Problem to solve:
The response should contain all of the data below, reproduced exactly, and no pictures.

Data provided:
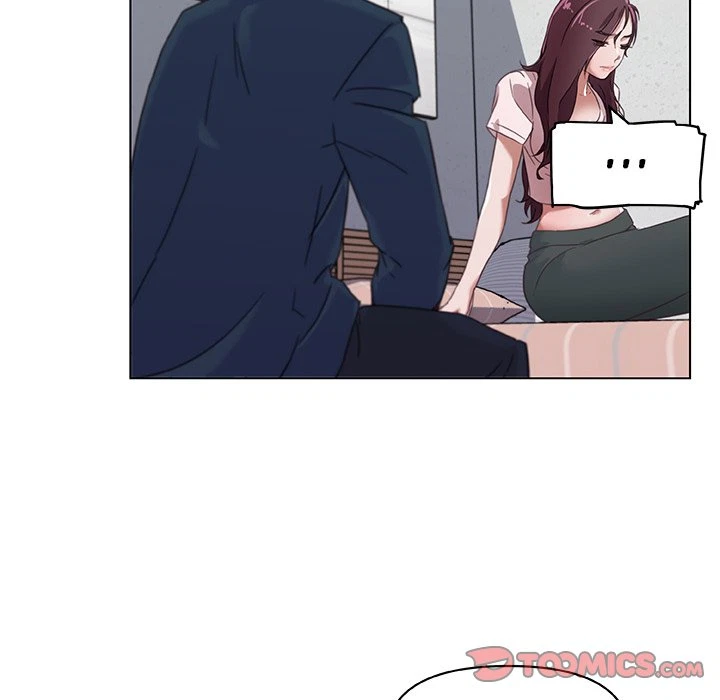 Chapter 8, page 46
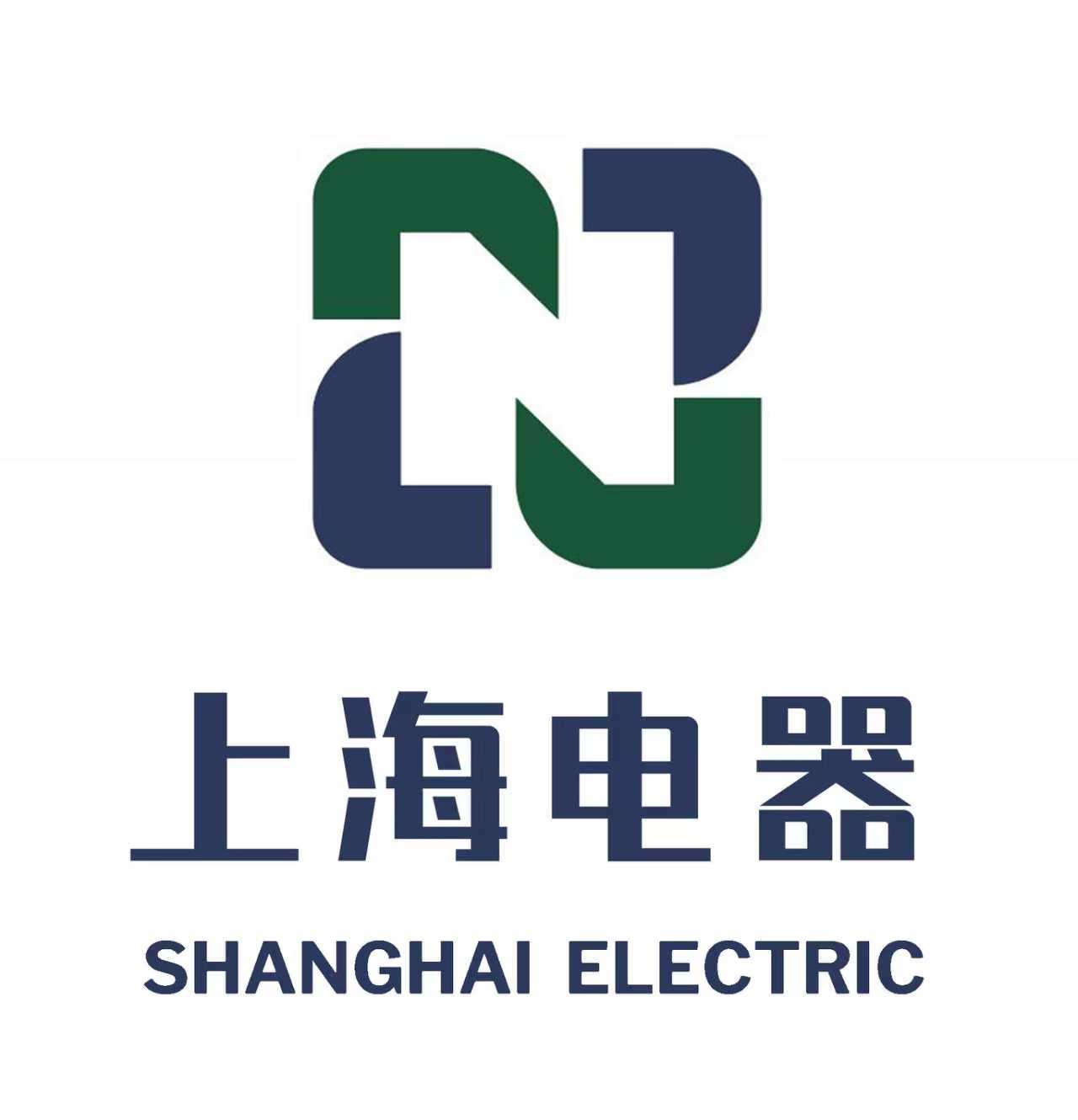 上海上器集团试验设备有限公司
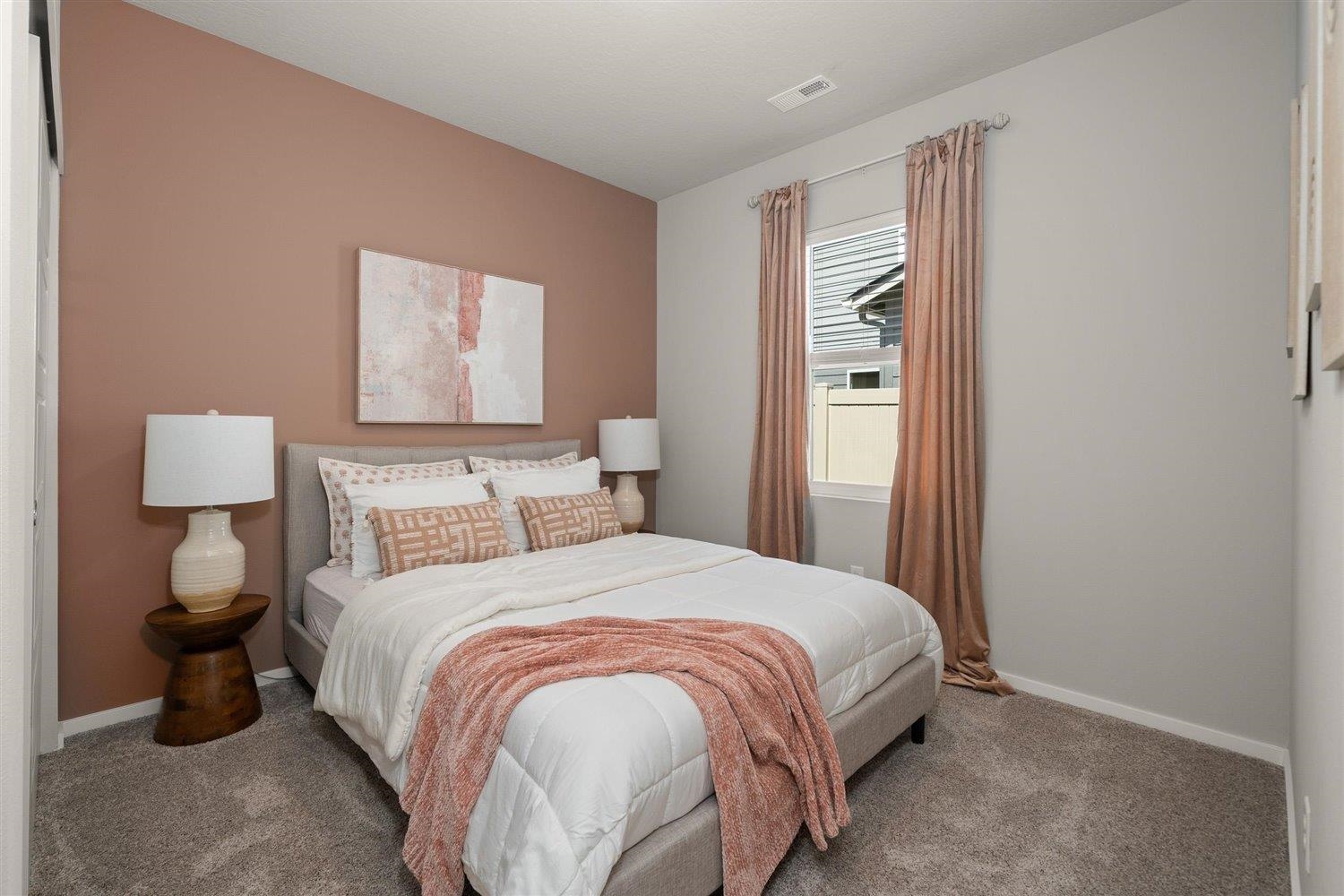 3119 East Harding Avenue Mead, WA 99021 - Photo 29 of 35 Gallery Image 29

Solved problem:
 Chapter 8, page 46
 上海上器集团试验设备有限公司
 3119 East Harding Avenue Mead, WA 99021 - Photo 29 of 35 Gallery Image 29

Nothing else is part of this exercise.